I know the answer to this question for the most part is "It Depends", however I wanted to see if anyone had some pointers.
We execute queries each request in ASP.NET MVC. Each request we need to get user rights information, and Various data for the Views that we are displaying. How many is too much, I know I should be conscious to the number of queries i am executing. I would assume if they are small queries and optimized out, half-a-dozen should be okay? Am I right?
What do you think?
Premature optimization is the root of all evil :)
First create your application, if it is sluggish you will have to determine the cause and optimize that part. Sure reducing the queries will save you time, but also optimizing those queries that you have to do.
You could spend a whole day shaving off 50% time spend off a query, that only took 2 milisecond to begin with, or spend 2 hours on removing some INNER JOINS that made another query took 10 seconds.
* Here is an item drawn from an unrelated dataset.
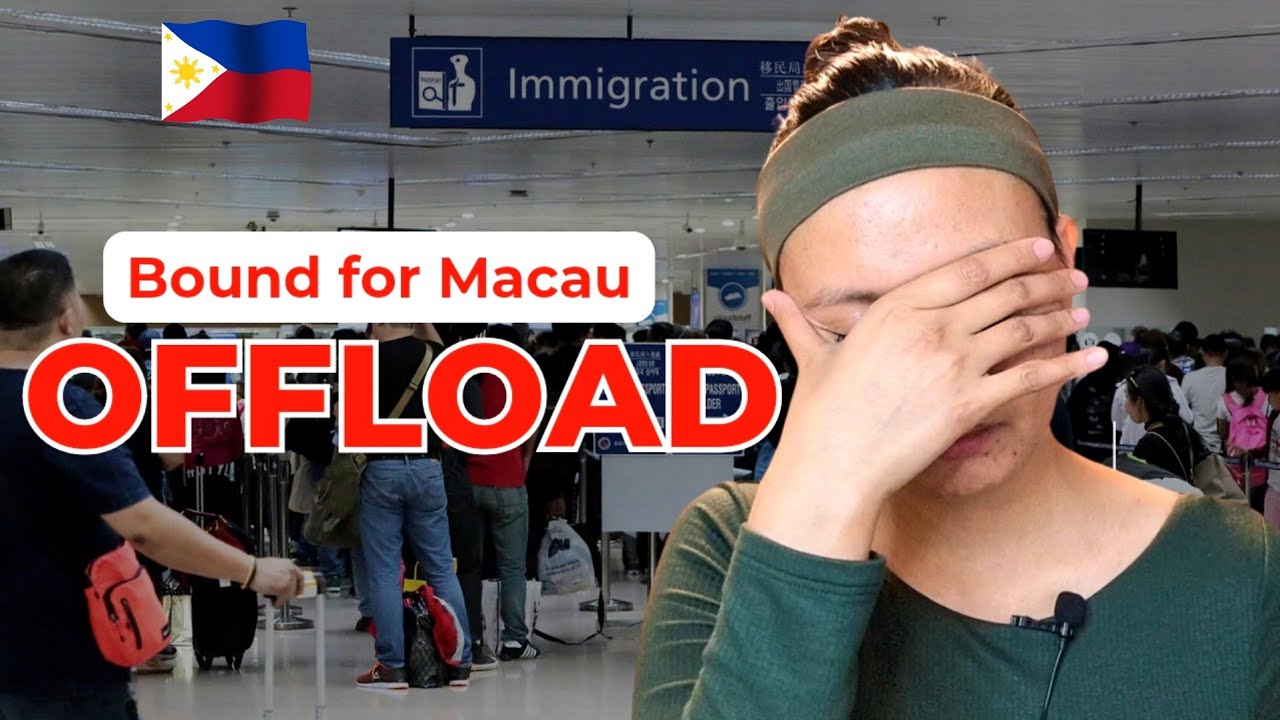 Bound for Macau: Philippine Immigration Offload Story and Travel Tips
Analyse whats wrong before you start optimising.
The optimal amount would be zero.
Given that this is most likely not achievable, the only reasonable thing to say about is: "As little as possible".
Simplify your site design until it's
as simple as possible, and still
meeting your client's requirements.
Cache information that can be cached.
Pre-load information into the cache
outside the request, where you can.
Ask only for the information that you
need in that request.
If you need to make a lot of independant queries for a single request, parallelise the loading as much as possible.
What you're left with is the 'optimal' amount for that site.
If that's too slow, you need to review the above again.
User rights information may be able to be cached, as may other common information you display everywhere.
You can probably get away with caching more than the requirements necessitate. For instance - you can probably cache 'live' information such as product stock levels, and the user's shopping cart. Use SQL Change Notifications to allow you to expire and repopulate the cache in the background.
As few as possible.
Use caching for lookups. Also store some light-weight data (such as permissions) in the session.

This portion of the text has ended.